Why do servers “go down” for routine maintenance? Is there not a backup where traffic can route?

273 views

Why do servers “go down” for routine maintenance? Is there not a backup where traffic can route?

In: 6

8 Answers

Anonymous 0 Comments

TLDR: Backup systems cost money… a lot of money

That really depends on how your build your system

Doing rolling updates or zero downtime changes is possible if you have a system built accordingly, but not everyone can afford that nor is it always feasible.

Large scale clusters like Google, Reddit, Ebay, etc do this. They update systems in such a way that only a handful of servers are down at a time so that the site can maintain it’s uptime.

Smaller companies that only have 1 server can’t afford to increase their costs 10x fold to have this kind of redundancy.

Sometimes systems aren’t designed with that in mind and it becomes increasingly difficult to add that functionality in later on when the system grows.

While larger systems often have to perform controlled shutdowns because they have a single point of failure like a database. When the database has to be taken offline to be updated you have to take down everything.

Anonymous 0 Comments

Not always. Some companies are big enough that they take servers down all the time for maintenance and you’d never go. For example, how often does Google go down for maintenance? never. But they have thousands and thousands of servers.
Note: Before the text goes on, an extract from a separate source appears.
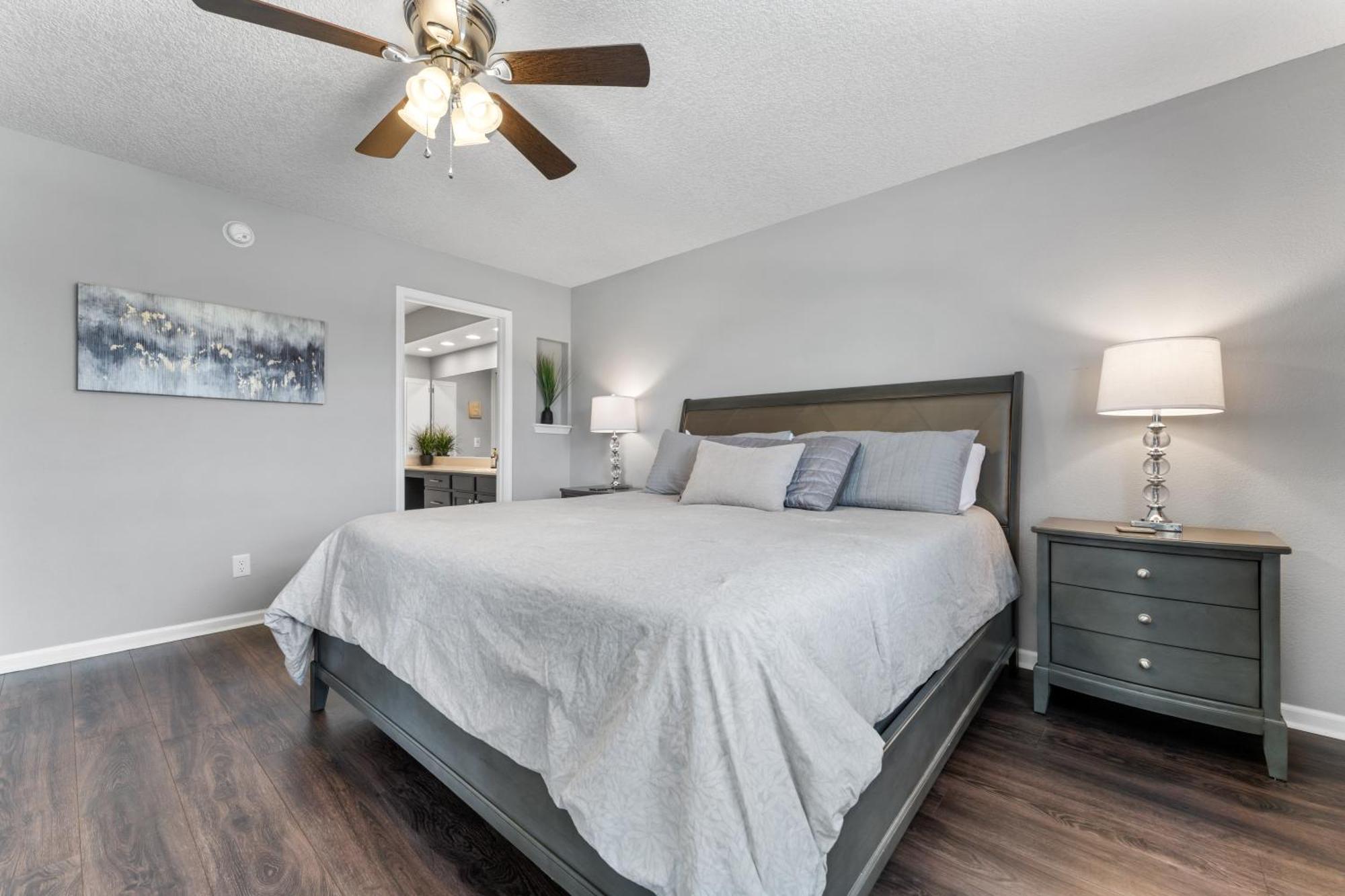 Free Silver Dollar & Other Attraction Tickets! Spacious, Great Location, Indoor & Outdoor Pools Apartment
Other companies don’t have that type of infrastructure. Or have some back end that can’t be accessed while it’s having maintenance. In that case, they would go down for maintenance.

Anonymous 0 Comments

Money. It is expensive to set up and maintain redundant systems that can run with some down for maintenance.

Anonymous 0 Comments

It’s totally possible to do things that way, but it’s not usually *necessary*.

As long as the site isn’t providing a super essential service, they can just schedule the downtime for a time when the least amount of users will be impacted.

Anonymous 0 Comments

The infrastructure, both hardware and human, for high availability is expensive and it gets more so the more uptime you try to commit to. Being up 99.9% is massively cheaper than 99.99% is massively cheaper than 99.999 and when you get into something with quad 9s like say, Visa, the cost is astronomical.
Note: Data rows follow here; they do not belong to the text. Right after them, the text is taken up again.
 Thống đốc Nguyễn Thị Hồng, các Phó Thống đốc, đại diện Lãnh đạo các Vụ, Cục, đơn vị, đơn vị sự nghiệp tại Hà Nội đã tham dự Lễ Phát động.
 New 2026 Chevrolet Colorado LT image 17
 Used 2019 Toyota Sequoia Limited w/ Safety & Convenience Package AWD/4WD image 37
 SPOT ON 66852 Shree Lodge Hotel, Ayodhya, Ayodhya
For most companies, going down briefly every now and then really isn’t a big deal and they don’t bother. Their users will check back in a bit with little or no ill will or negative impact. For uptime critical companies, like say amazon, google, facebook or Visa, they pour huge resources into preventing any such gaps.

There’s more nuance, some changes are easier to do with failover (running thr site or service on a backup while the main is upgraded and then upgrading the backup once the main is back online) than others and many don’t require any downtime at all. But the jist is that for a lot of things it just isn’t worth the cost.

Anonymous 0 Comments

It depends on the company, how critical the server is, and what resources are available. Where I work, for example, space on the virtual host is at a premium, so unless we absolutely have to we are not going to stand up a backup server while we preform maintenance on a server. We opt instead to do our maintenance in off hours when not many people will be using the servers.

Anonymous 0 Comments

Sometimes is not the server itself who has to get maintenance, but the content itself, so the company needs to stop people from using it.

Anonymous 0 Comments

Usually a website has a database with all the important information about users and everything you see on the site (posts / comments / videos / ads for a social media website, or name / address / accounts / debit cards / transactions for a banking website).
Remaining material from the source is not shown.